Ein wunderschöner Altweibersommertag brachte in Montenegro die Wende, nicht nur für das kleine Land, sondern wahrscheinlich auch für Serbien. In langen Schlangen standen die Menschen vor den Wahllokalen, um den Präsidenten der kleineren Teilrepublik Jugoslawiens zu küren. Als der bisherige Amtsinhaber, Momir Bulatović, an den Leuten vorbei ins Wahllokal eilte, rief ihm jemand aus der Menge zu: „Stellen Sie sich an wie wir alle!“ Drohend zischte einer der vielen Leibwächter zurück: „Nur noch ein Wort, und...!“ Alle schwiegen erschrocken. Aus dieser Reihe dürfte kaum einer dem Mann, der stur vorbeimarschierte, seine Stimme gegeben haben.

Erst am frühen Montagmorgen stand es fest: Mit einem Vorsprung von nur 7.000 Stimmen wurde Milo Djukanović, bis vor kurzem Bulatović' politischer Weggenosse und Premier Montenegros, nun jedoch Reformer und erklärter Gegner von Slobodan Milošević, neuer Präsident des kleinen Bergstaates an der Adria. Die Wahlbeteiligung lag mit rund 70 Prozent höher als bei der ersten Runde, als Bulatović einen knappen Vorsprung vor seinem Rivalen hatte, aber nicht die absolute Mehrheit bekam.

Vorschriftswidrig wurden die Wahllokale nicht um 20 Uhr geschlossen, sondern in der Hauptstadt Podgorica um Mitternacht, in manchen Orten erst gegen 3 Uhr morgens. Zwischen den beiden Wahlterminen am 5. und am 19. Oktober hatten etwa 13.000 Montenegriner geklagt, meist potentielle Djukanović-Wähler, daß sie nicht auf den Wählerlisten gestanden hätten. Erst am Tag vor der Stichwahl hatte das Gericht noch 7.000 Personen als Abstimmungsberechtigte zugelassen. Sie mußten an Ort und Stelle die Eintragungen durchsetzen. Der Stab Bulatović' will prüfen, ob deswegen die Rechtmäßigkeit der Wahl angefochten werden kann.
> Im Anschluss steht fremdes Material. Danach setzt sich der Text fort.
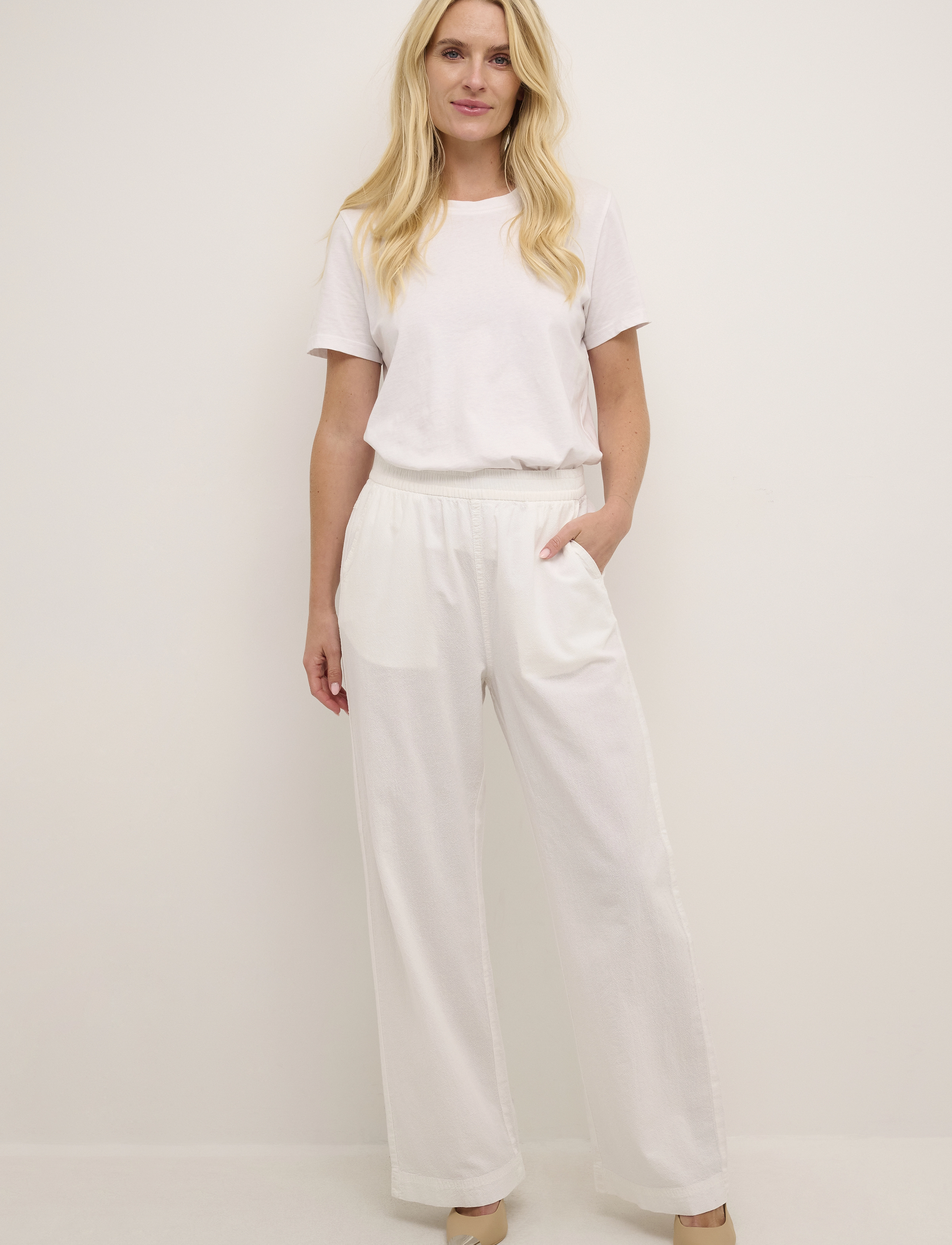 Kaffe - KAnaya Wide Pants - vida byxor - chalk - 3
Der Ausgang der Wahl bedeutet einerseits eine Polarisierung der Montenegriner, andererseits einen Machtzuwachs für den neuen, jugendlichen Präsidenten Montenegros. Djukanović denkt nicht nur an sein kleines Land. Er erklärte, er hoffe, Montenegro werde ein „Ansporn für die Wende in ganz Jugoslawien“ sein.

Zumindest dem jugoslawischen Präsidenten Slobodan Milošević hat er den Fehdehandschuh bereits ins Gesicht geschleudert. Schon spekuliert die unabhängige Presse, da Montenegro zur Zeit den Ministerpräsidenten Jugoslawiens stellt, Djukanović könnte den bisherigen Premier, den farblosen Radoje Kontić, zurückziehen und seinen Freund, den bisherigen Parlamentspräsidenten Montenegros, Svetozar Marović, vorschlagen. Zumindest laut Verfassung hat der Premier weit größere formale exekutive Rechte als der Präsident.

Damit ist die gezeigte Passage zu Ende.